**TASK DIRECTIONS:**
Return the data verbatim, without pictures.
··········
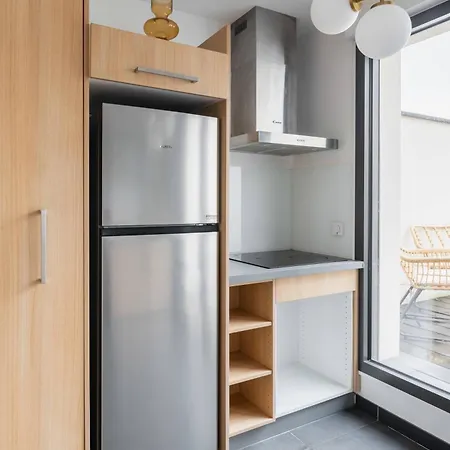 Duplex Lumineux Avec Terrasse - 6p - Flat-guest Apartment *
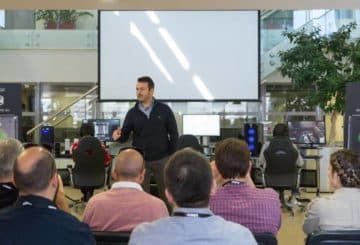 K. Γεράρδος - Πλαίσιο, Μαγούλα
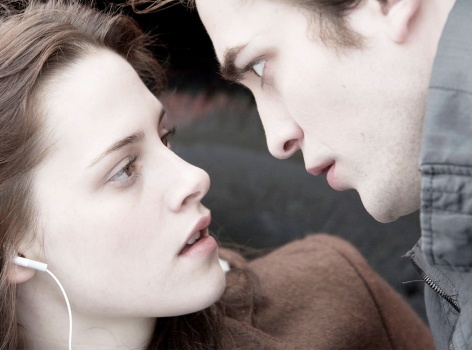 5 filmových dvojic, které nás donutily věřit na lásku na první pohled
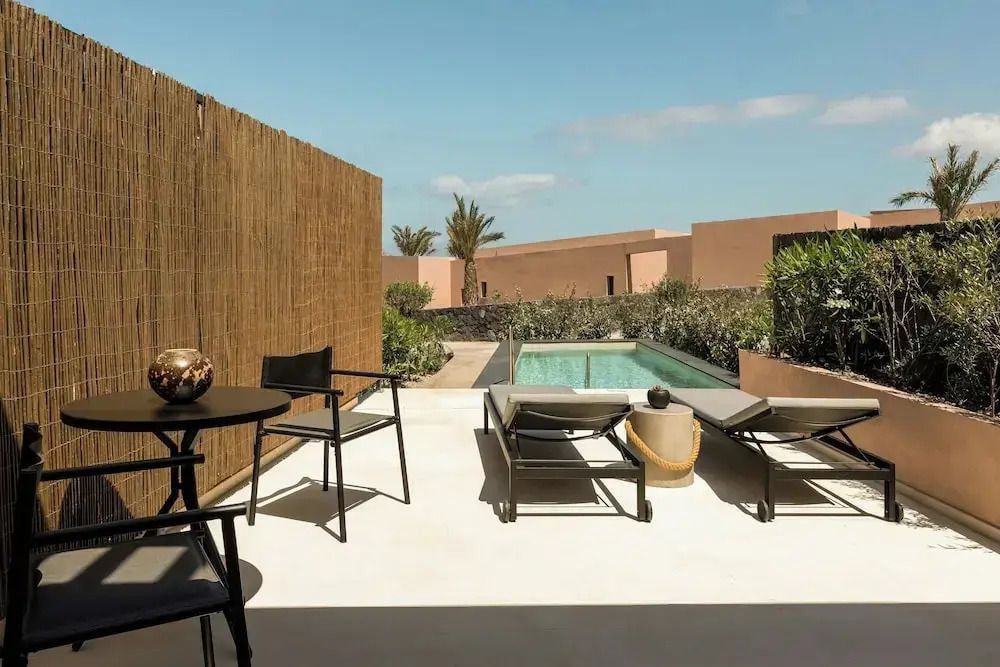 Privatbungalow mit Terrasse und Pool im exklusiven Resort Santorini.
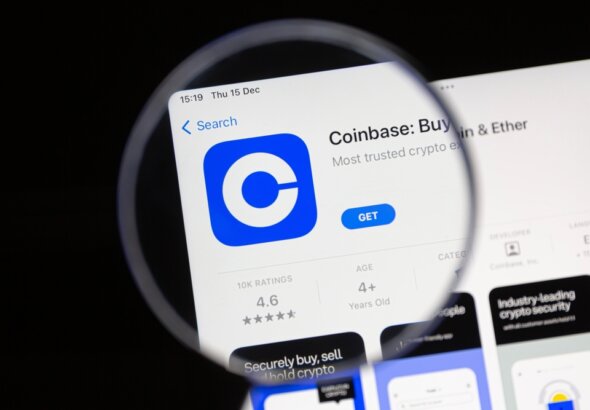 Ostersund,,Sweden,-,Dec,15,,2022:,Coinbase,App,Under,A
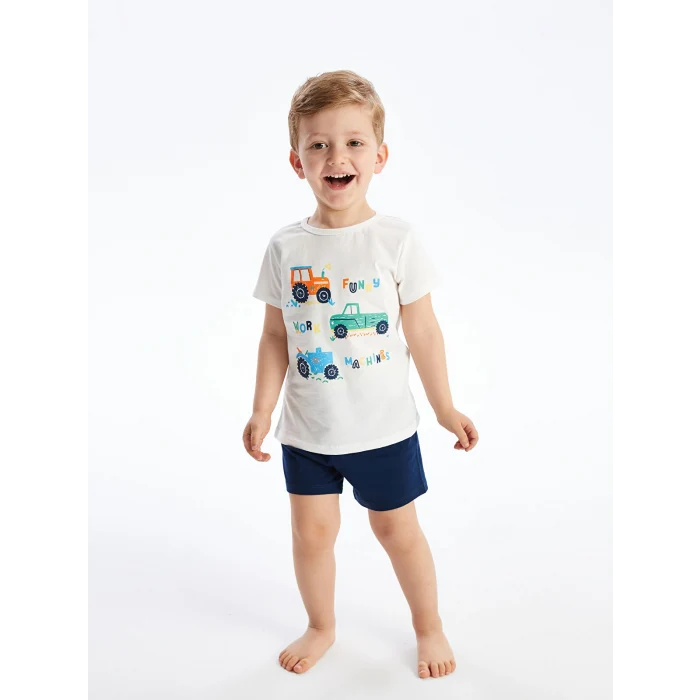 LCW baby Beyaz Bisiklet Yaka Kısa Kollu Baskılı Erkek Bebek Şortlu Pijama Takımı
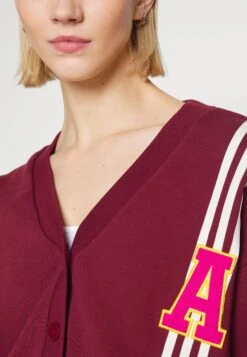 Adidas Originals Originals Collegiate Cardigan - Sweat Zippé - Shadow Red -ASOS aa09cd52235a48e7bb6ed899d5d9e813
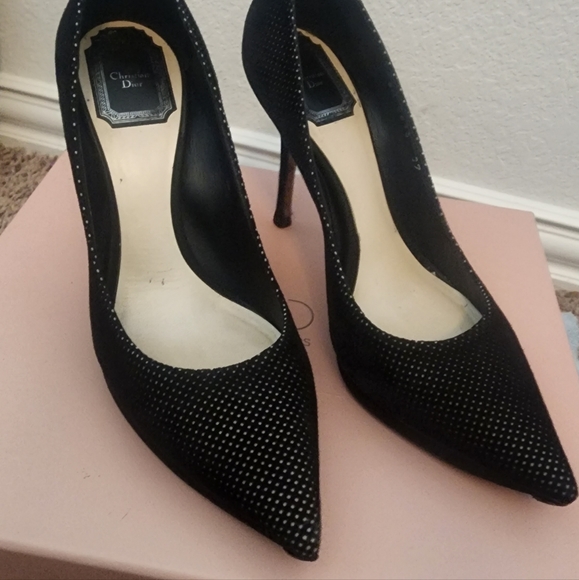 COPY - Christian Dior Suede Pumps - Picture 1 of 2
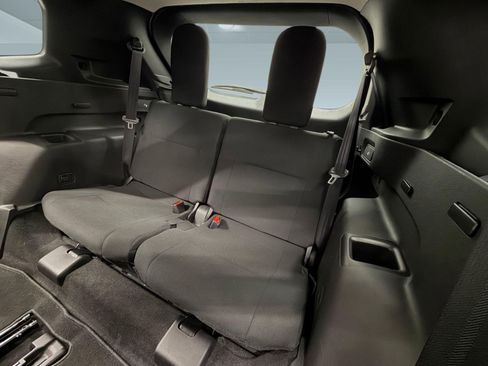 Used 2025 Mitsubishi Outlander ES image 21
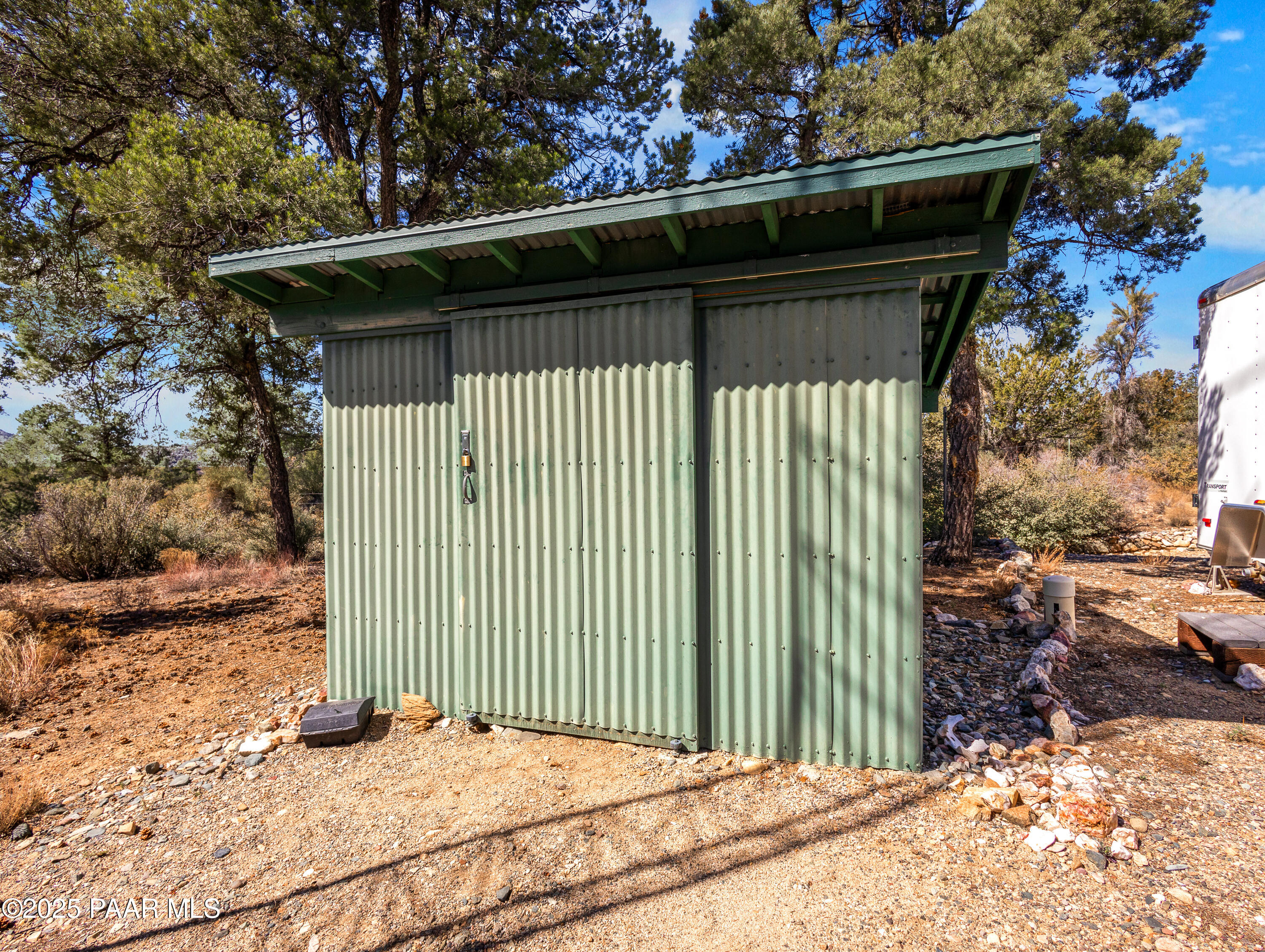 15555 South Middle Ridge Kirkland, AZ 86332 - Photo 41 of 63 15555 S Middle Ridge Rd-29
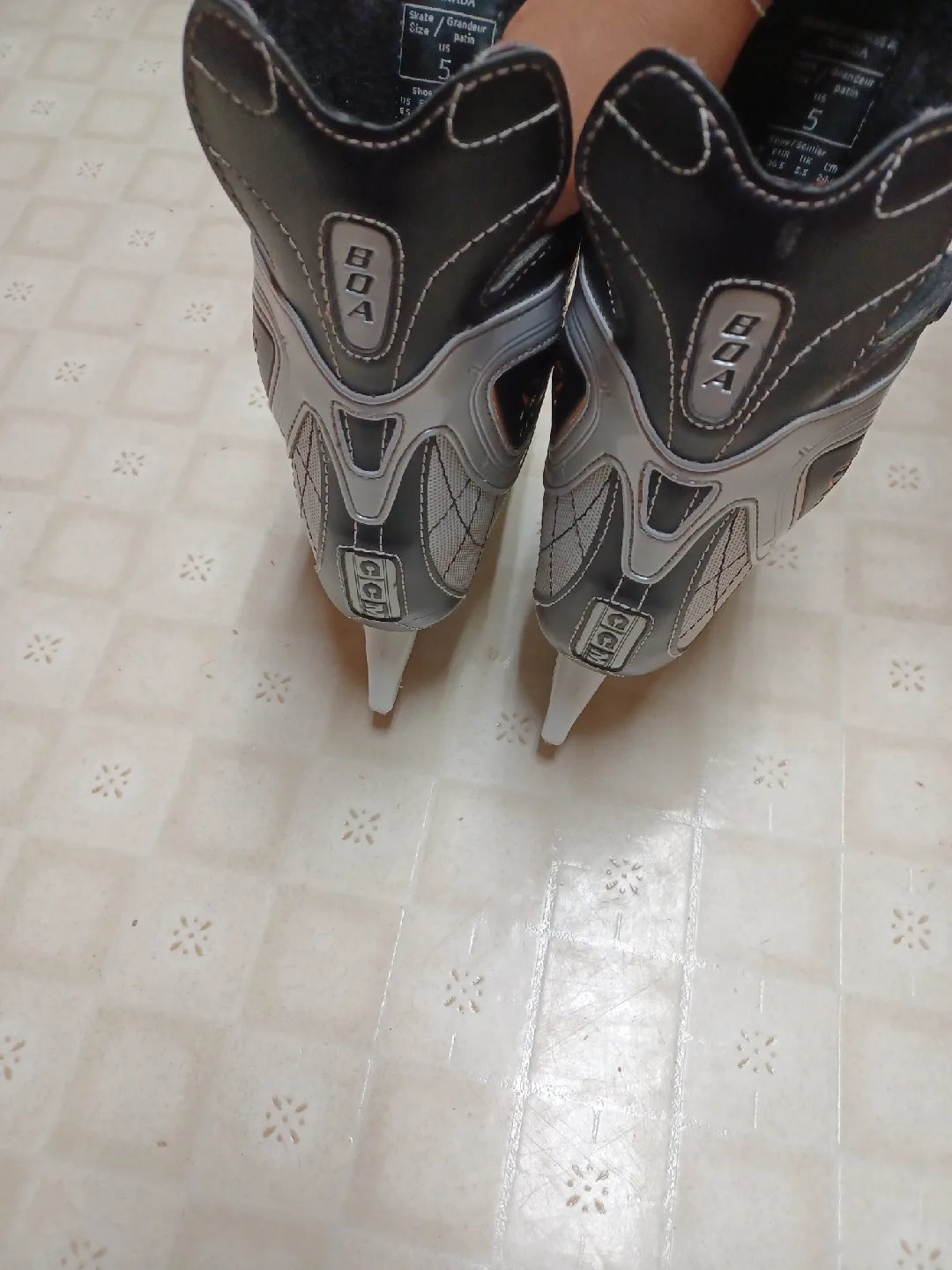 Youth CCM Ice Skates - Size 5 image indicator(2)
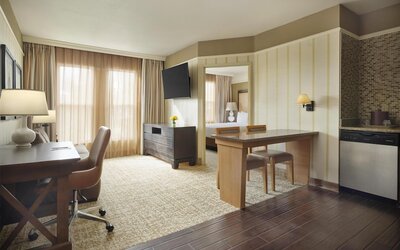 Suite, 1 King Bed with Sofa bed, Courtyard View (One Bedroom)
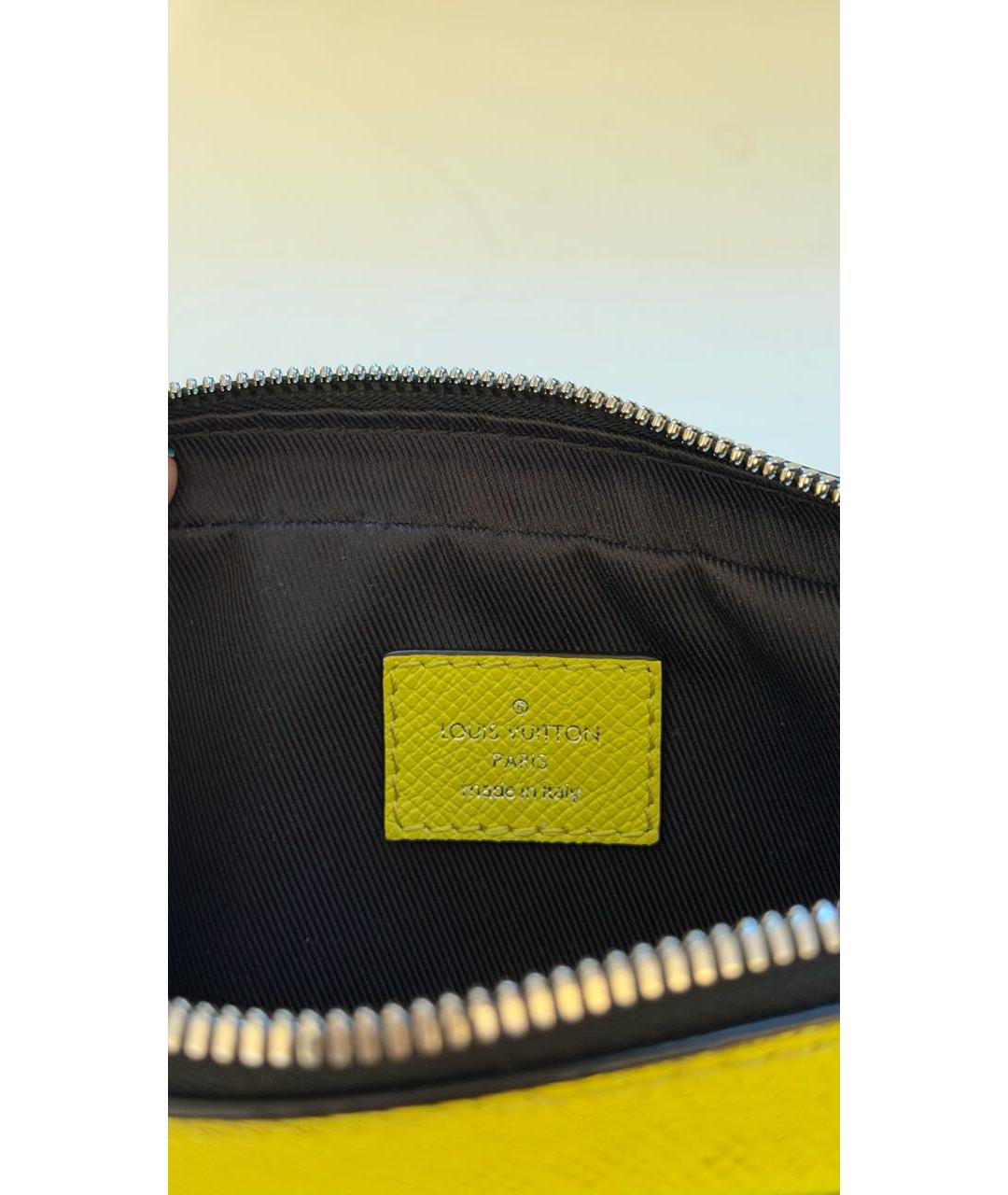 LOUIS VUITTON Салатовая кожаная поясная сумка, фото 4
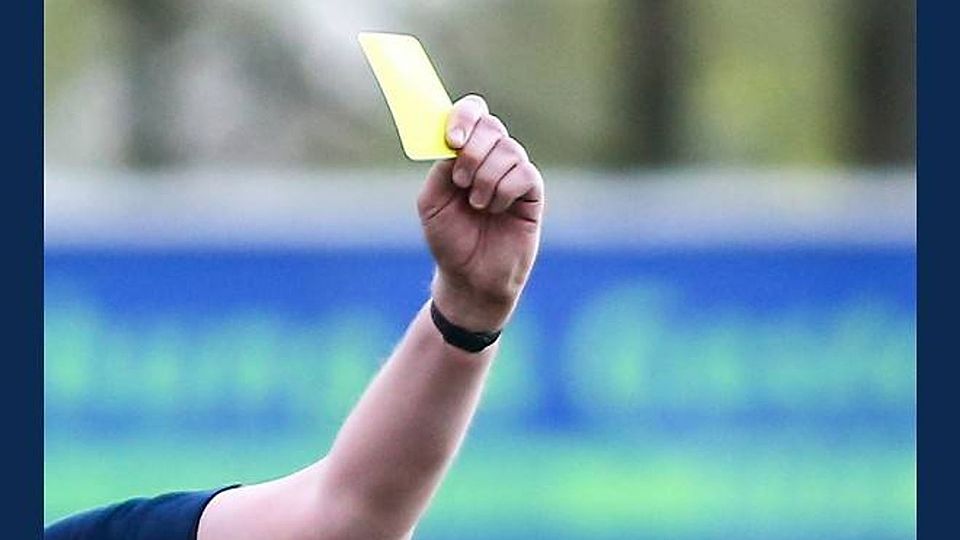 Die Gelbe Karte plus Zeitstrafe wird unter anderem wegen Protestierens oder Spielverzögerungen verhängt.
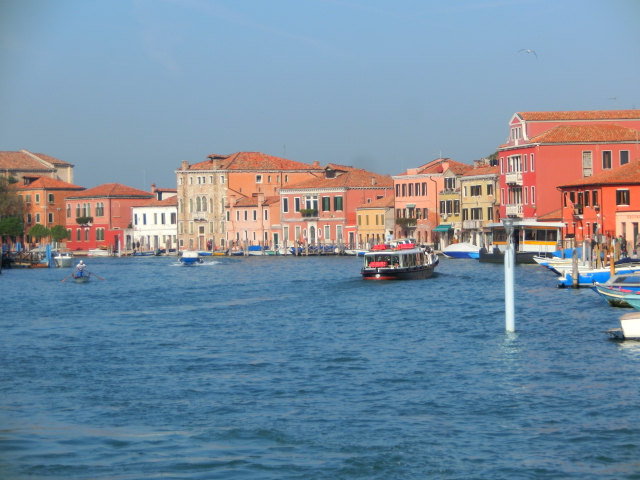 ヴェネツィアのカラフルな漁師町ブラーノ島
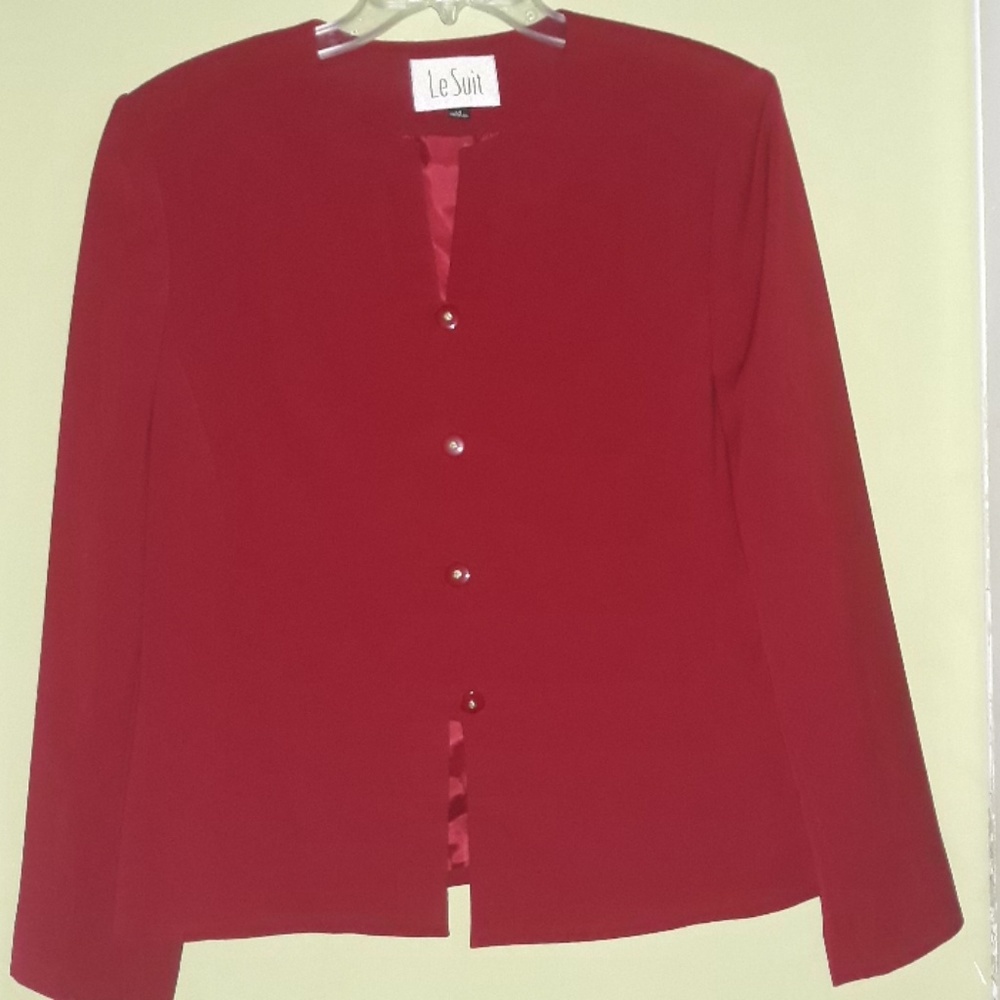 Beautiful Red LeSuit Suit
··········
**RESULT BELOW:**
 Duplex Lumineux Avec Terrasse - 6p - Flat-guest Apartment *
 K. Γεράρδος - Πλαίσιο, Μαγούλα
 5 filmových dvojic, které nás donutily věřit na lásku na první pohled
 Privatbungalow mit Terrasse und Pool im exklusiven Resort Santorini.
 Ostersund,,Sweden,-,Dec,15,,2022:,Coinbase,App,Under,A
 LCW baby Beyaz Bisiklet Yaka Kısa Kollu Baskılı Erkek Bebek Şortlu Pijama Takımı
 Adidas Originals Originals Collegiate Cardigan - Sweat Zippé - Shadow Red -ASOS aa09cd52235a48e7bb6ed899d5d9e813
 COPY - Christian Dior Suede Pumps - Picture 1 of 2
 Used 2025 Mitsubishi Outlander ES image 21
 15555 South Middle Ridge Kirkland, AZ 86332 - Photo 41 of 63 15555 S Middle Ridge Rd-29
 Youth CCM Ice Skates - Size 5 image indicator(2)
 Suite, 1 King Bed with Sofa bed, Courtyard View (One Bedroom)
 LOUIS VUITTON Салатовая кожаная поясная сумка, фото 4
 Die Gelbe Karte plus Zeitstrafe wird unter anderem wegen Protestierens oder Spielverzögerungen verhängt.
 ヴェネツィアのカラフルな漁師町ブラーノ島
 Beautiful Red LeSuit Suit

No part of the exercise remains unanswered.